A to jeszcze nie obfotografowane walizeczki 😔

 

 

 

Niedługo ciąg dalszy. Tym razem książeczki i zeszyciki.

 

A ja mam już dość!!!

 

 Mam już dość! 

       Dość wszystkiego i wszystkich! Dość ludzi z którymi muszę się użerać i dość niepewnej przyszłość. Bezupolis zostanie w mojej głowie i być może kiedyś zaistnieje na kartach rysunków a nie w cyfrowej rzeczywistości jako foty z lalkowego miasteczka. 

      Chyba tym razem na dobre zdecyduje się sprzedać wszystko lalkowe co mam. Pytanie tylko kto to kupi i za ile bo z tym topornie idzie. Przyzwyczaiłam się już do tego że ludzie w d.pie mają moją manualną pracę.

       I tak przyznaję- jestem kiepska w robieniu miniatur- brakuje mi talentu, czego nie mogę powiedzieć o latach pracy nad tym hobby. Od 10 lat kleję, modeluję, wycinam i robię rożne mini rzeczy dla lalek, ale zwykle z niedoskonałym skutkiem. Kogo wszak obchodzi że tracę zwykle cały dzień na zrobieniu kilku książeczek, skoro i tak są krzywe i nikt by za nie nie dał więcej niż 1 zł za sztukę, podczas gdy na Etsy sprzedają podobne za 10x więcej? 

      Miałam w planach otworzenie sklepiku na Etsy już 10 lat temu ale co roku czytając "procedury", zniechęciłam się w końcu.

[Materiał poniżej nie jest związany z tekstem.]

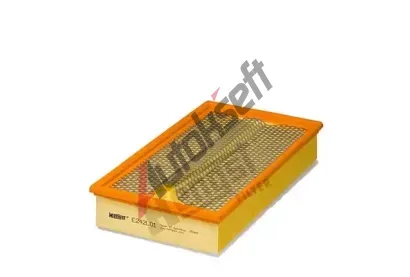 HENGST FILTER Vzduchov filtr HGF E242L01, E242L01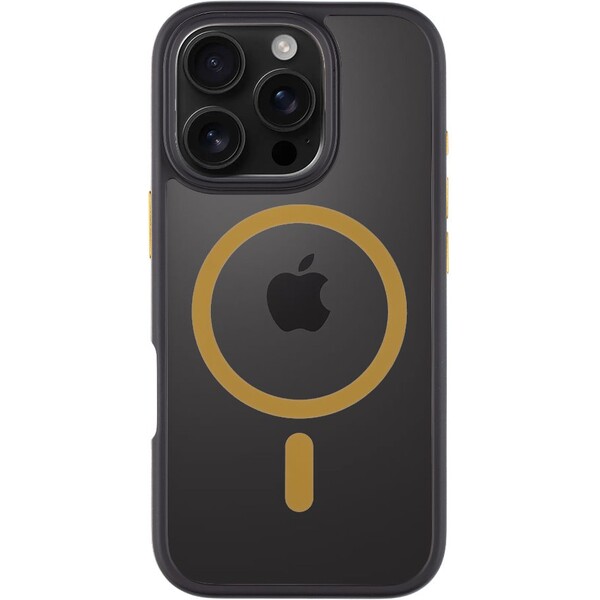 Tactical-MagForce-Hyperstealth-2-0-Kryt-pro-iPhone-16-Pro-Black-Yellow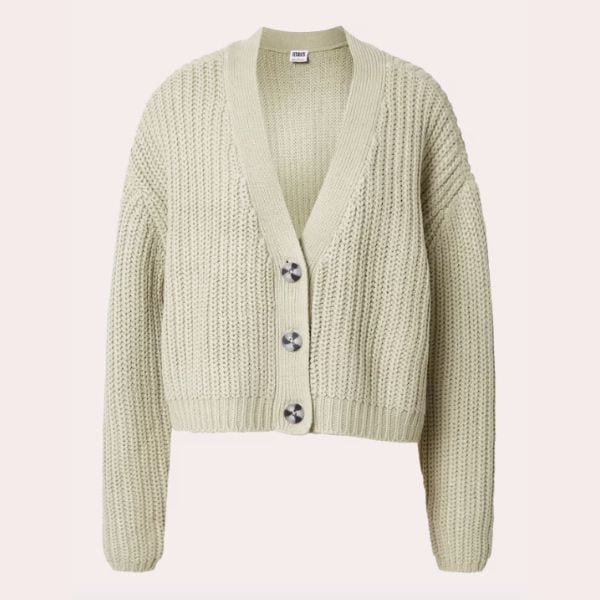 cardigan canale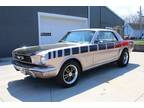 Ford Mustang Coupe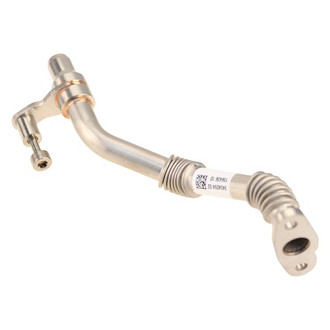 Genuine® - Turbocharger Oil Return Tube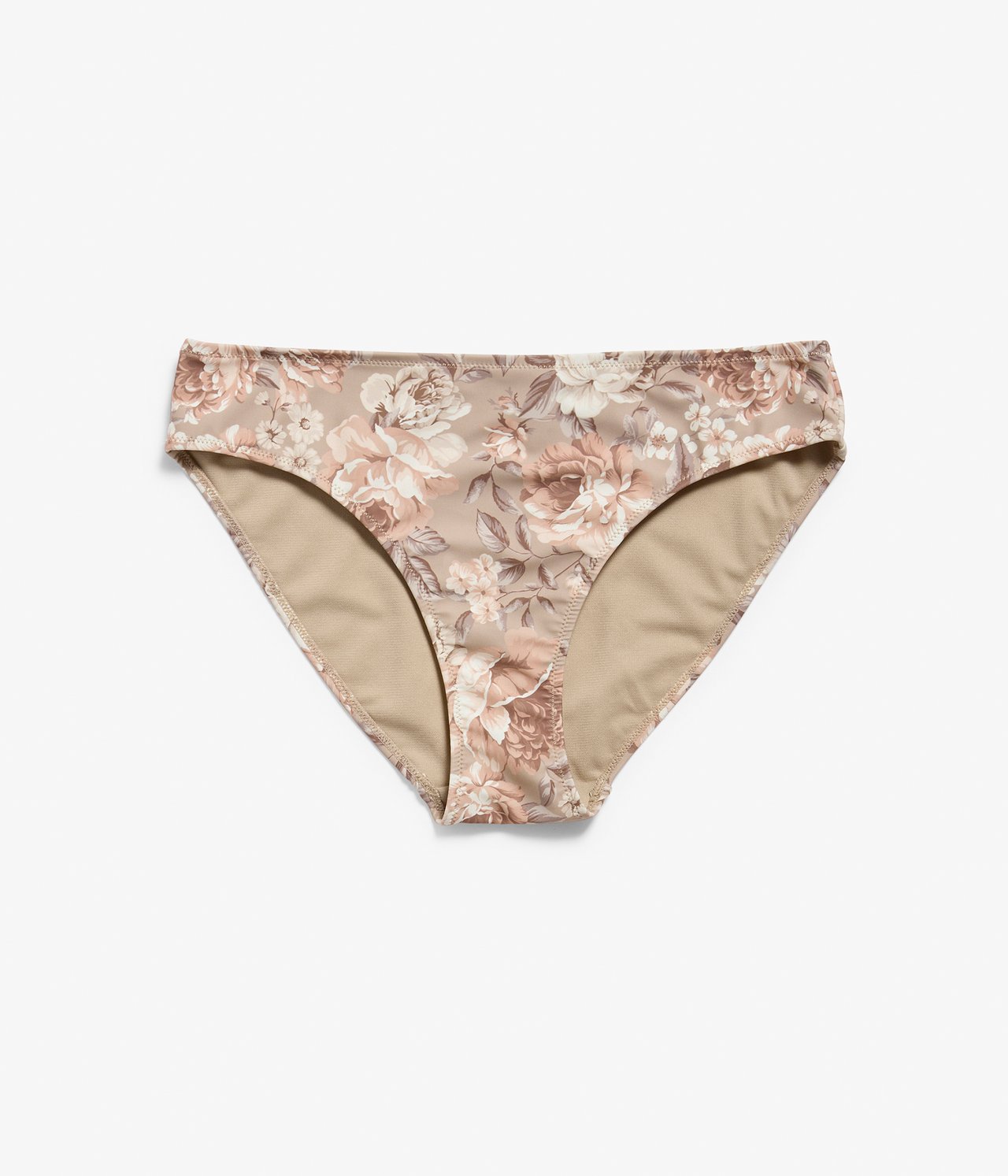 Bikinialaosa Newbie Woman - Beige - 6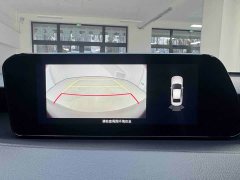 Mazda3 Axela 2.0L Automatic Smart Edition - photo 12
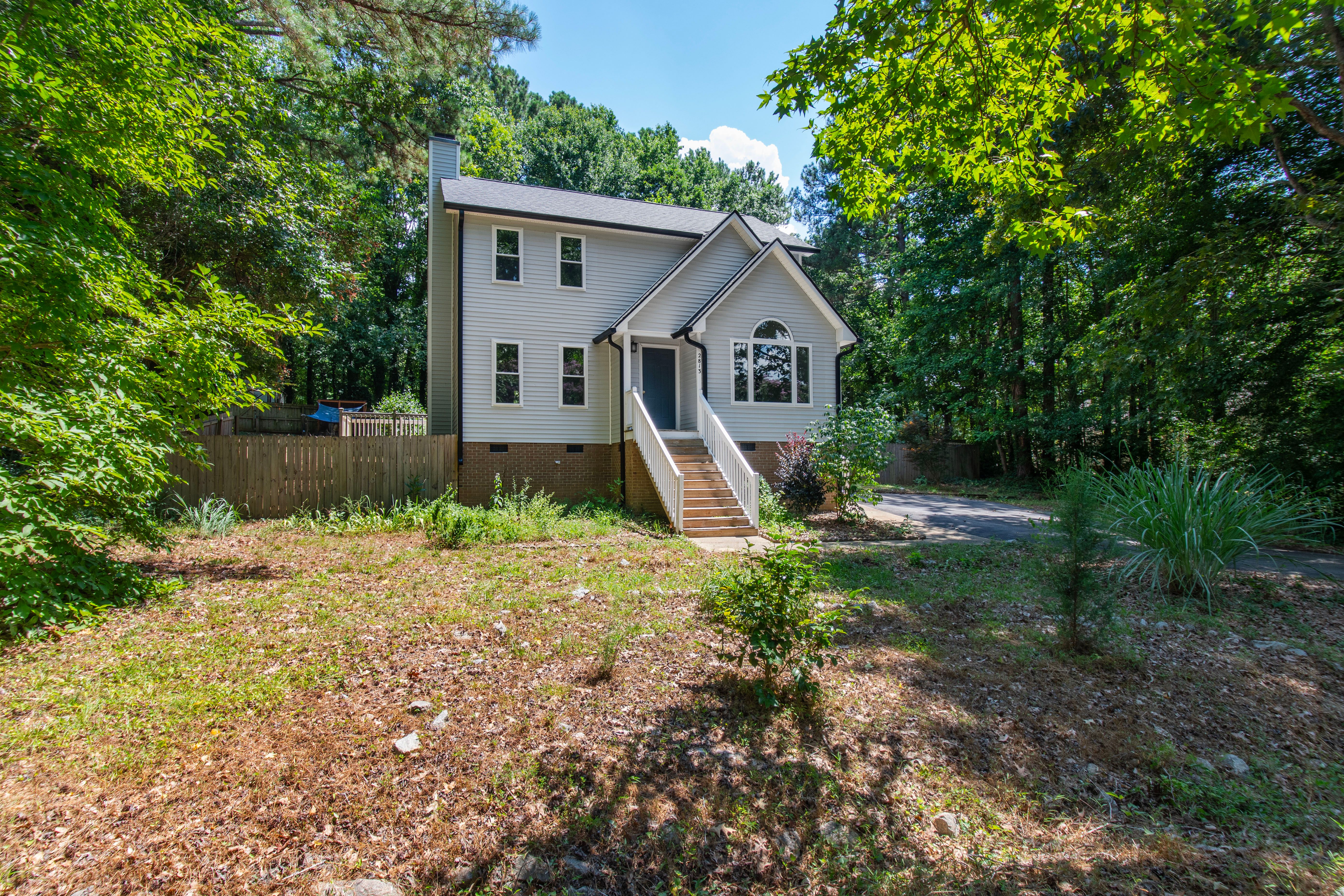  2813 Girth Lane, Raleigh, NC 27603 - 物件實景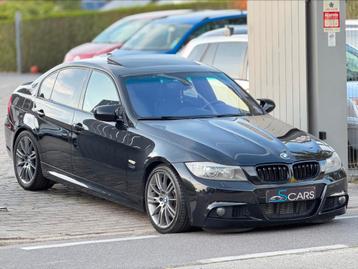 Bmw 335i Lci ** M pakket ** 306 pk ** Euro5 beschikbaar voor biedingen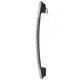 thumbnail image 3 of LED Grab Bar, 21in/53.4cm RV Entry Door Grab Handle Safety Lighting Firmer Surface Installation Stainless Steel  For Bus Boat Motorhome For Entrance Stairs ANGGREK RV Entry Door Grab Handle, 3 of 8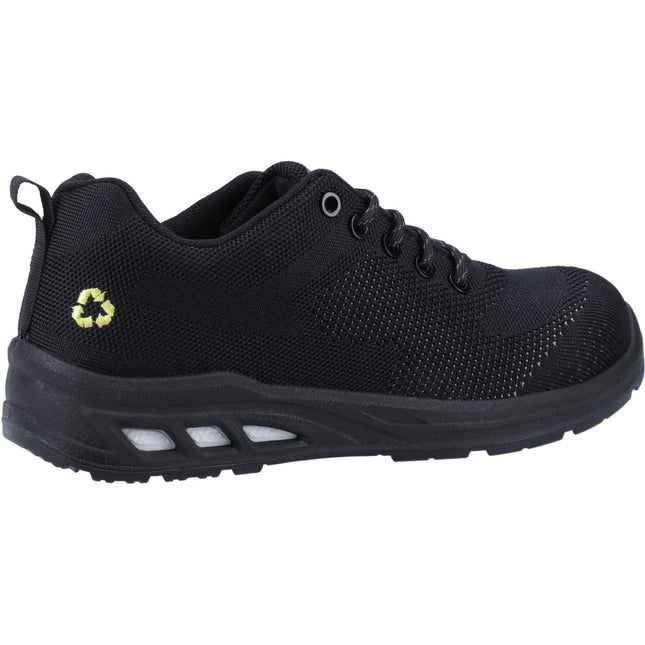 ECOFITZ S1P Shoe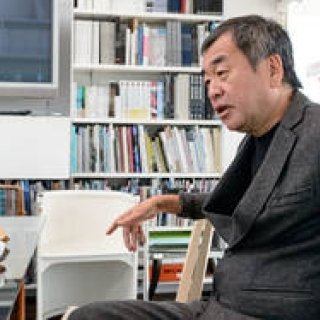 建築家・隈研吾が「East Japan Project」と東北の復興を語る（3）｜INTERVIEW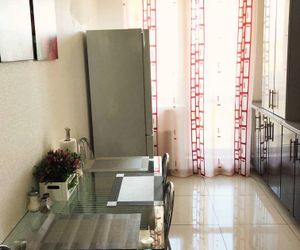 Apartment on Dobrolyubova 37 Kaliningrad Russia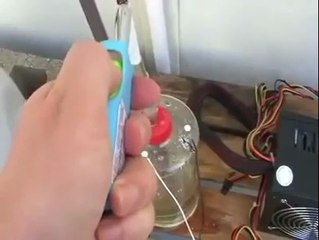 The toxicity of tobacco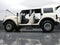 2026 Ford Bronco Outer Banks 60th Anniversary Package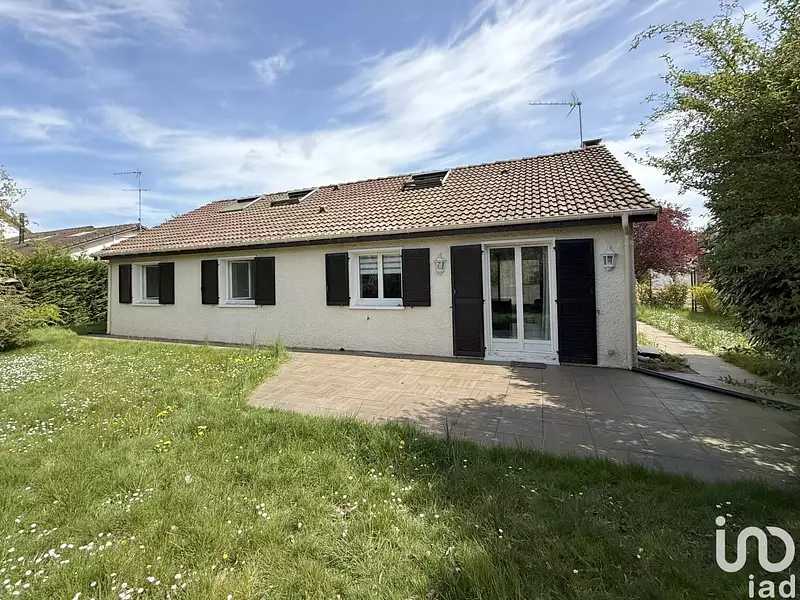 Maison, 160 m²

Nie ogarnę międzynarodowej przesyłki, nie chcę zakładać konta Pay Pal, gdzie cześć wpłat i tak musi zostać na tym koncie i nie zamierzam się użerać z nowymi ludźmi, z którymi pewnie nie będę mogła się dogadać (skoro z Polakami nawet nie mogę bo większość to niestety nieczytaci analfabeci jeśli chodzi o zasady aukcji internetowych, to z obcokrajowcami po angielsku raczej też nie dam rady!).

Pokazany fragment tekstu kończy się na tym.